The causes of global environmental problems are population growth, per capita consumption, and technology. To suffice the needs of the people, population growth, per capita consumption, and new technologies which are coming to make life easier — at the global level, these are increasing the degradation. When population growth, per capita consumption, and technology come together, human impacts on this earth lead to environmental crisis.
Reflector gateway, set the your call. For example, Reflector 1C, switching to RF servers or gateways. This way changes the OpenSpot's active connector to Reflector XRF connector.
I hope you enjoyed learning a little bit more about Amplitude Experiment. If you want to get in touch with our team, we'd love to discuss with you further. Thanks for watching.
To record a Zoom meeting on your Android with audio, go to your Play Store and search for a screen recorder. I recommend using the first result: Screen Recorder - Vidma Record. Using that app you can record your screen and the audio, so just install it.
◆ ◆ ◆
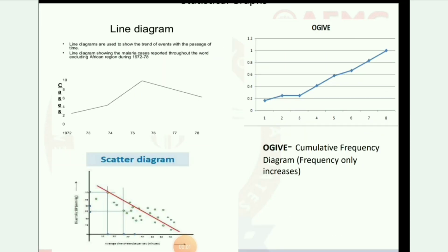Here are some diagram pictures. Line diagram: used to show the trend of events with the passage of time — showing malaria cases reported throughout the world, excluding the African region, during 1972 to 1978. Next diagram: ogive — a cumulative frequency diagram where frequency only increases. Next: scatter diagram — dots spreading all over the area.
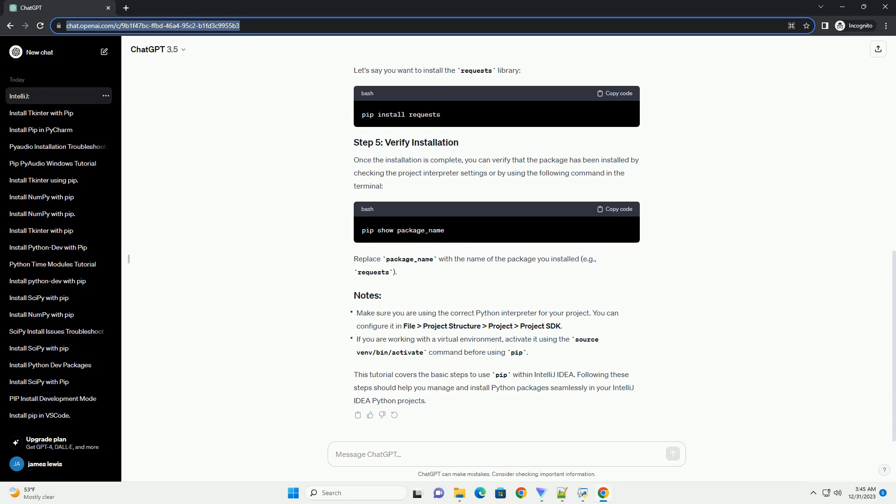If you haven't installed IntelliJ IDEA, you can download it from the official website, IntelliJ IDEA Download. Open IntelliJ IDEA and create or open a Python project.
◆ ◆ ◆
Work task » Each line above where the word "your" occurs should be returned in full.

Response below »
Reflector gateway, set the your call. For example, Reflector 1C, switching to RF servers or gateways. This way changes the OpenSpot's active connector to Reflector XRF connector.
To record a Zoom meeting on your Android with audio, go to your Play Store and search for a screen recorder. I recommend using the first result: Screen Recorder - Vidma Record. Using that app you can record your screen and the audio, so just install it.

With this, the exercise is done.